Sunday, October 25, 2009

Wine, with brunch


Aside from infrequent mimosas, wine is not something I drink before noon. But my love of both prosecco and brunch made Eva's invitation to a four-course Sunday brunch with wine pairings irresistible. Pinot nior and lamb hash? Don't mind if I do!

The event was the innagural collaboration between Jack's Cellars and Hudson Public House, adjacent establishments in the relatively uninviting intersection of 15th and Lake City Way. Inside, Hudson pub is warm and open, with friendly staff and a surprisingly ambitious menu.

I can't say every plate was successful -- too courses of duck is a bit odd, the basted eggs were undercooked, and the lamb hash was under-seasoned. Brunch, to me, is not a place to worry over fat or sodium content -- butter it up, and give me some salt. Overall, though, the ingredients were interesting and everything was thoughtful: breakfast food aiming for dinner caliber.

The highlight: a wine flight. Expert pairing and generous pours made restitution for any lacked luster on the plates.

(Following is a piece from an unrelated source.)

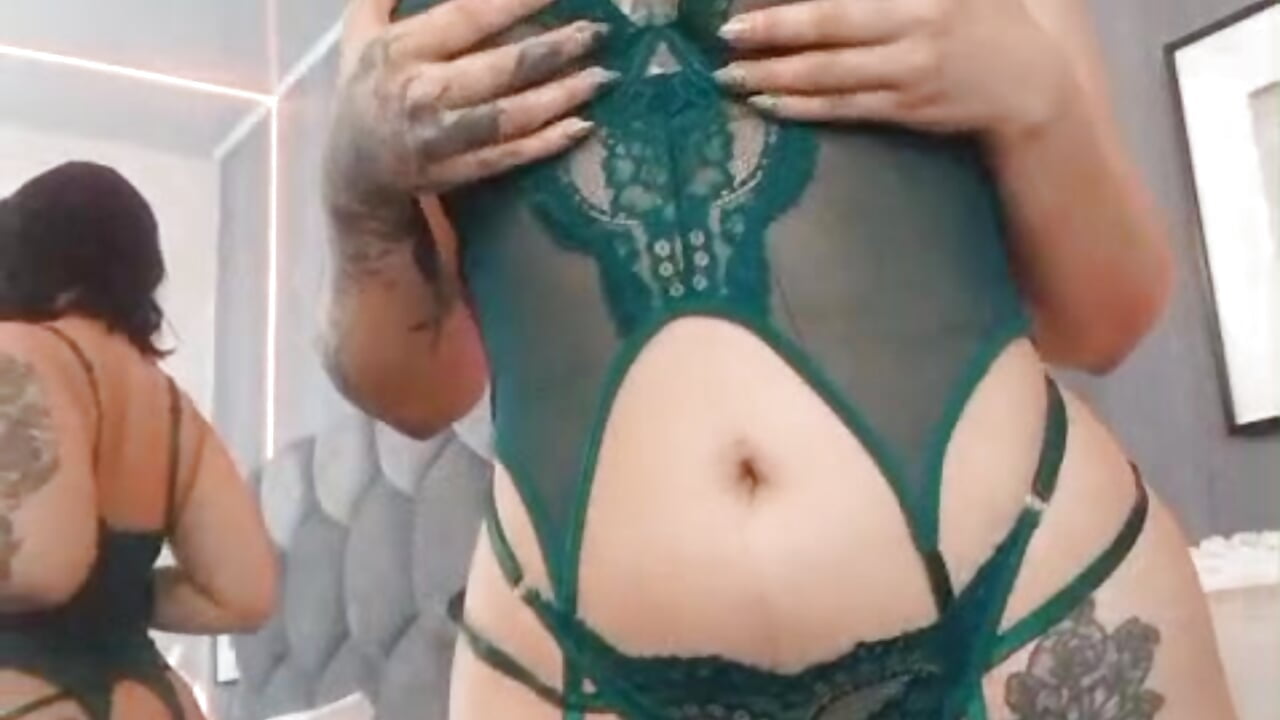 Slide into my world where pleasure knows no limits. – video od webkamerové modelky HannaGoddess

Glittering prosecco always makes me happy and I love a full-bodied red, so the first and fourth wines won me over before they hit my palate. We went home with the latter, a 2006 old vine zinfandel from Klinker Brick, and I'll look for the former, Fantinel NV Extra Dry Prosecco, next time I'm in need of bubbles. The first course was a basic cheese and fruit spread (decent figs), and the finale a fairly delicious, very peppery chicken sausage wrapped in a nicely-crispy crepe.


Our tablemates included another new-homeowning couple. She's the writer/photog for needle+thread, a Seattle street style blog; he's a web developer who recommended Basil Hayden. Regardless of whether one's first passion is fashion, food, or politics, I don't think I've met a Seattlite in years who's life isn't thoroughly knit with technology.

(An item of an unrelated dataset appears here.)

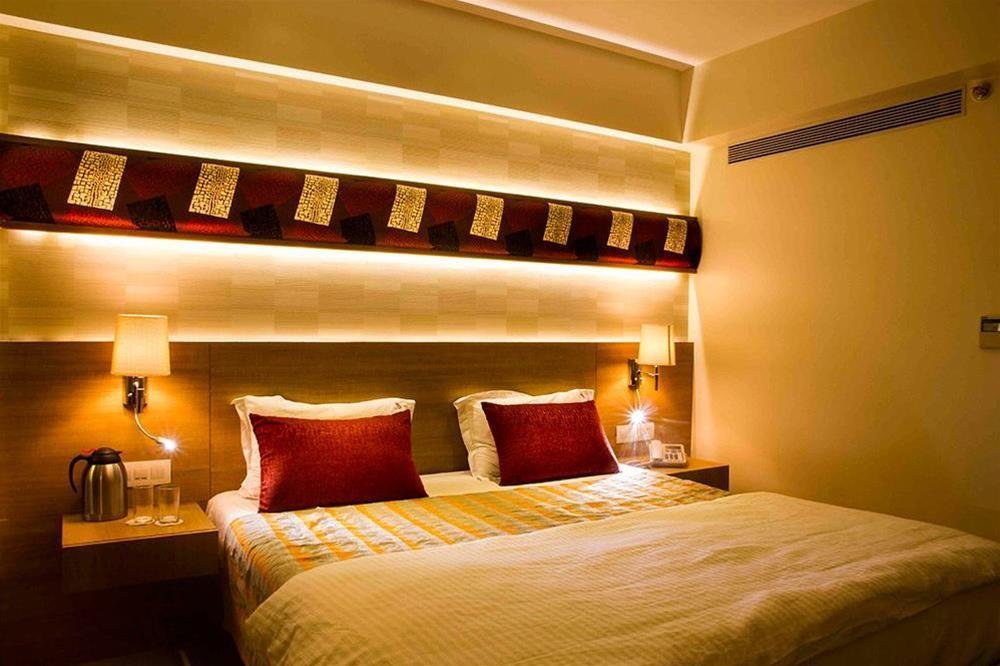 Фото The Ssk Solitaire Hotel & Banquets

The second and third courses brought Neyers Carneros Chardonnay and Fess Parker Pinot Noir, served with a smoked duck and shallot fritatta and a lamb hash with basted duck egg, respectively. I'm neither a chardonnay nor pinot fan, but found both of these appealing enough to finish at least a glass of each -- possibly due to being already tipsy, among good company, and having nothing more pressing at home than a nap. And, ultimately, this sense of leisure is undoubtedly the most compelling part of a Sunday brunch -- to savor the indulgent, indolent moment between work weeks. If someone wants to pour me a few glasses of wine to aid this endeavor, I will not turn down the invitation.

1 comment:

  1. I love Brian's face in this photo. It's like, "are you going to be taking photos for the blog EVERY time we eat out?"